*** Opening Extracted data ***
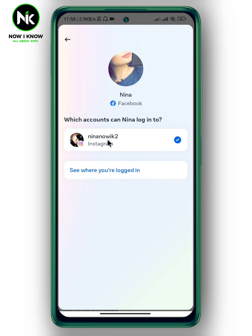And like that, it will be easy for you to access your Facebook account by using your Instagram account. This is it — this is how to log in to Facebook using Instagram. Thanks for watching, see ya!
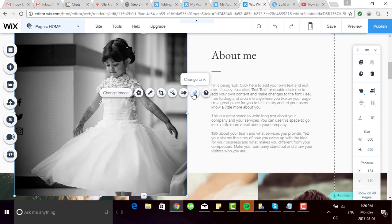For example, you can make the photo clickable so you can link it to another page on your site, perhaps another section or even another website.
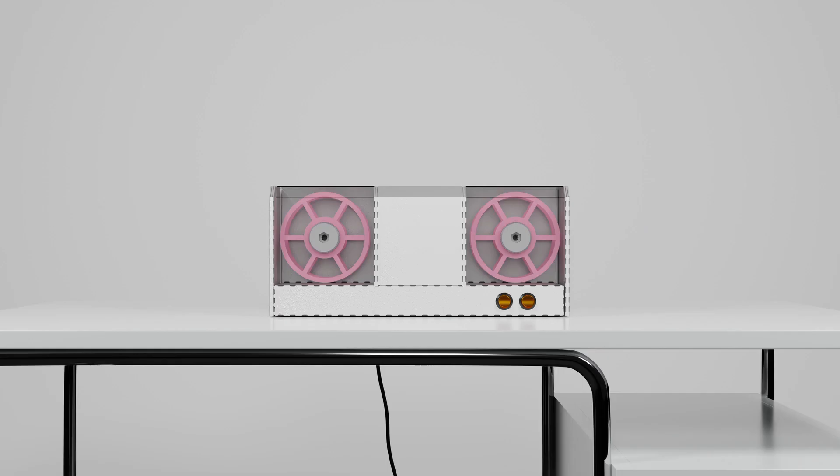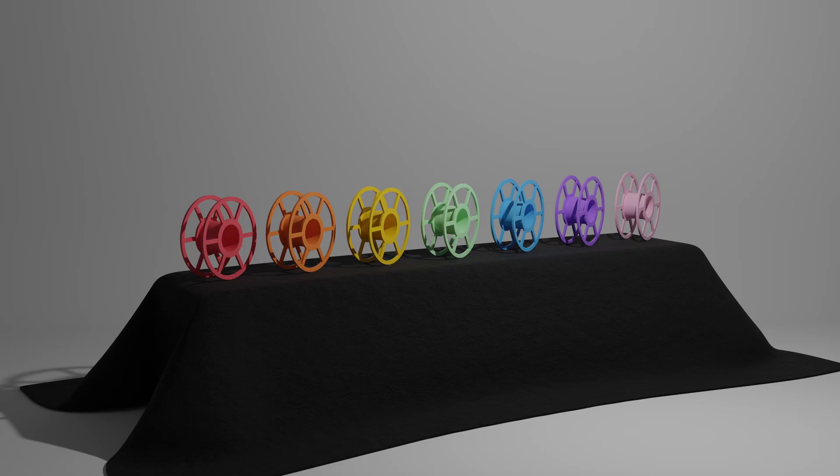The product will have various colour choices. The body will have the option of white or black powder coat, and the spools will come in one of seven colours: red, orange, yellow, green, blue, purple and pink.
*** Closing Extracted data ***
*** Opening Extracted data ***
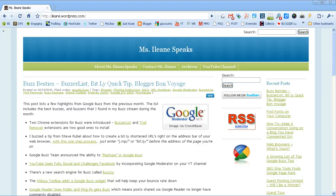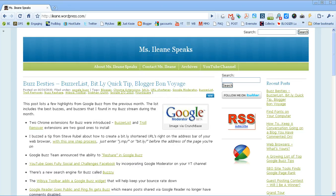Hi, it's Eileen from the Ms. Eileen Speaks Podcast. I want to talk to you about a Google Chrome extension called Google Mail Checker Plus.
*** Closing Extracted data ***
*** Opening Extracted data ***
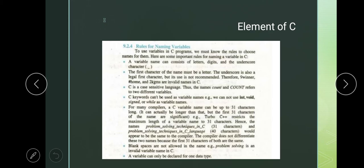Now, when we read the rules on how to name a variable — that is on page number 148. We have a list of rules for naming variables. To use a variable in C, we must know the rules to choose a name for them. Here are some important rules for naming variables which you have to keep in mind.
*** Closing Extracted data ***
### Your goal
Range to print from the listing above: from the line with "And like that, it" up to and including the line with "The product will". Please print those lines exactly, with no pictures and nothing more.

### Answer below
And like that, it will be easy for you to access your Facebook account by using your Instagram account. This is it — this is how to log in to Facebook using Instagram. Thanks for watching, see ya!
For example, you can make the photo clickable so you can link it to another page on your site, perhaps another section or even another website.
The product will have various colour choices. The body will have the option of white or black powder coat, and the spools will come in one of seven colours: red, orange, yellow, green, blue, purple and pink.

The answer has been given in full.